# Work task
Reproduce the data below in full and to the letter, images excepted.

# Exercise materials

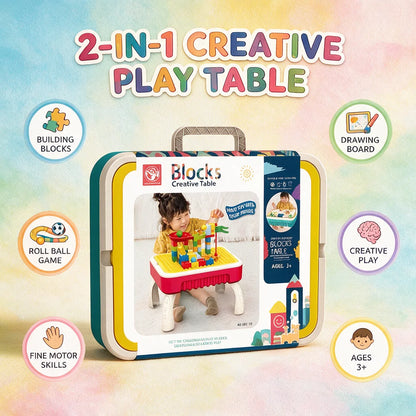 2-in-1 Multi-functional Blocks Creative Table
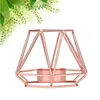 Titulares de vela fortes Hollow Hollow Holder Candlestick Scent Lantern for Party Home Table Decoration (tamanho pequeno dourado)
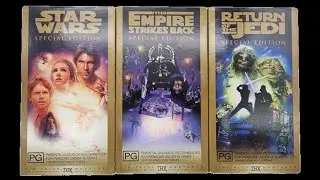 STAR WARS 1997 SPECIAL EDITION VHS Opening Compilation Behind The Scenes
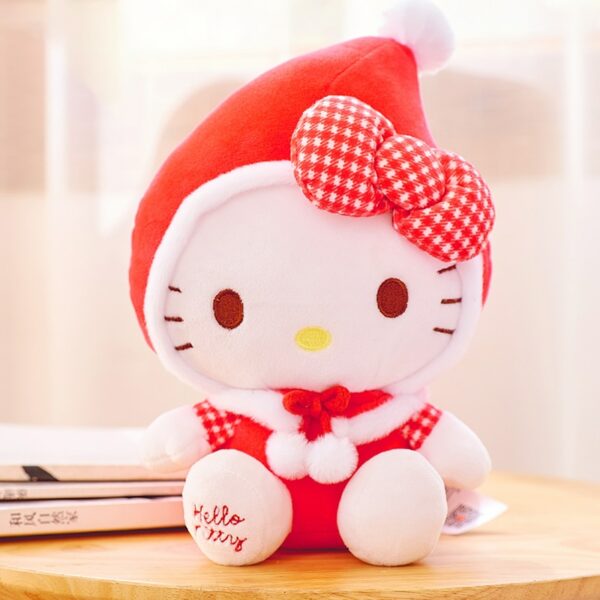 Hello Kitty Christmas Santa Plush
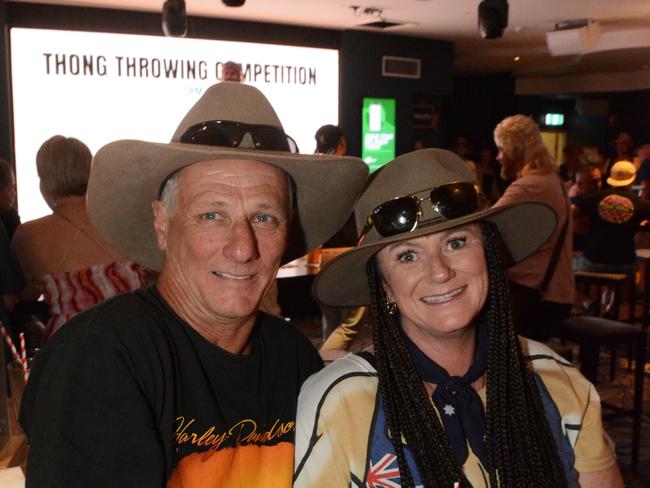 Peter and Debbie Sulter at Australia Day celebrations at Cavill Hotel, Surfers Paradise. Picture: Regina King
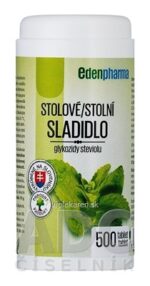 EDENPharma STOLOVÉ SLADIDLO glykozidy steviolu tbl (z rastliny Stévia) 1x500 ks – Obrázok 2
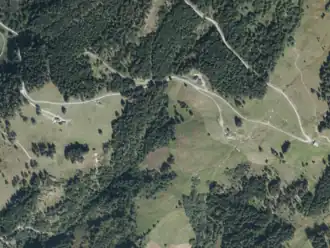 Maierhoferalmen aus der Vogelperspektive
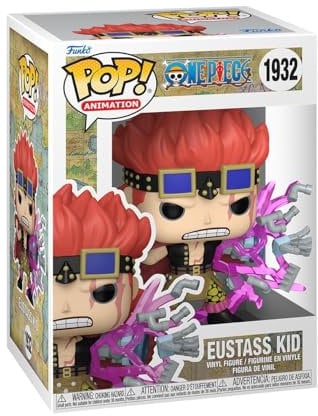 Funko POP! Animation: OP - Eustass Kid With Awakening - One Piece - Collectable Vinyl Figure - Gift Idea - Official Merchandise - Toys for Kids & Adults - Anime Fans - Model Figure for Collectors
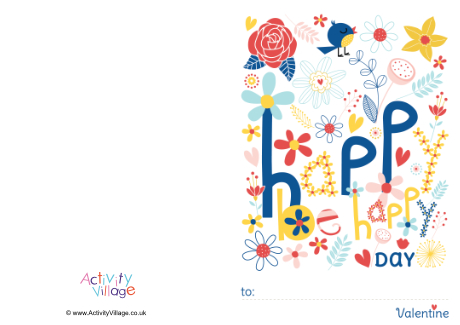 Happy Be Happy Day Valentine's Card
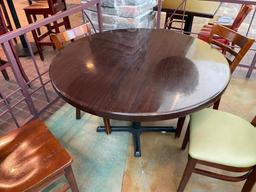 Restaurant Table, 48in Round, 29.5in H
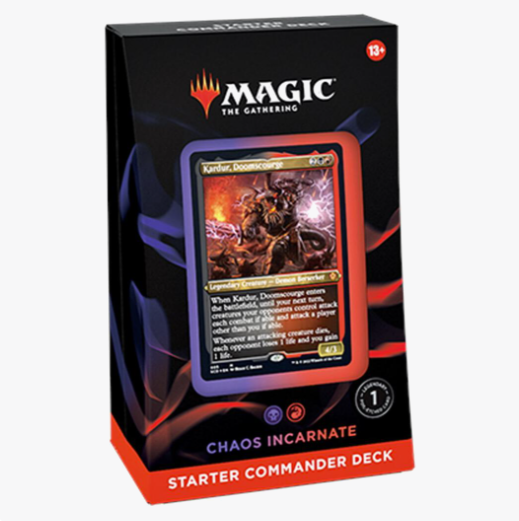 MTG Starter Chaos Incarnate Commander Deck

# Result of the task
 2-in-1 Multi-functional Blocks Creative Table
 Titulares de vela fortes Hollow Hollow Holder Candlestick Scent Lantern for Party Home Table Decoration (tamanho pequeno dourado)
 STAR WARS 1997 SPECIAL EDITION VHS Opening Compilation Behind The Scenes
 Hello Kitty Christmas Santa Plush
 Peter and Debbie Sulter at Australia Day celebrations at Cavill Hotel, Surfers Paradise. Picture: Regina King
 EDENPharma STOLOVÉ SLADIDLO glykozidy steviolu tbl (z rastliny Stévia) 1x500 ks – Obrázok 2
 Maierhoferalmen aus der Vogelperspektive
 Funko POP! Animation: OP - Eustass Kid With Awakening - One Piece - Collectable Vinyl Figure - Gift Idea - Official Merchandise - Toys for Kids & Adults - Anime Fans - Model Figure for Collectors
 Happy Be Happy Day Valentine's Card
 Restaurant Table, 48in Round, 29.5in H
 MTG Starter Chaos Incarnate Commander Deck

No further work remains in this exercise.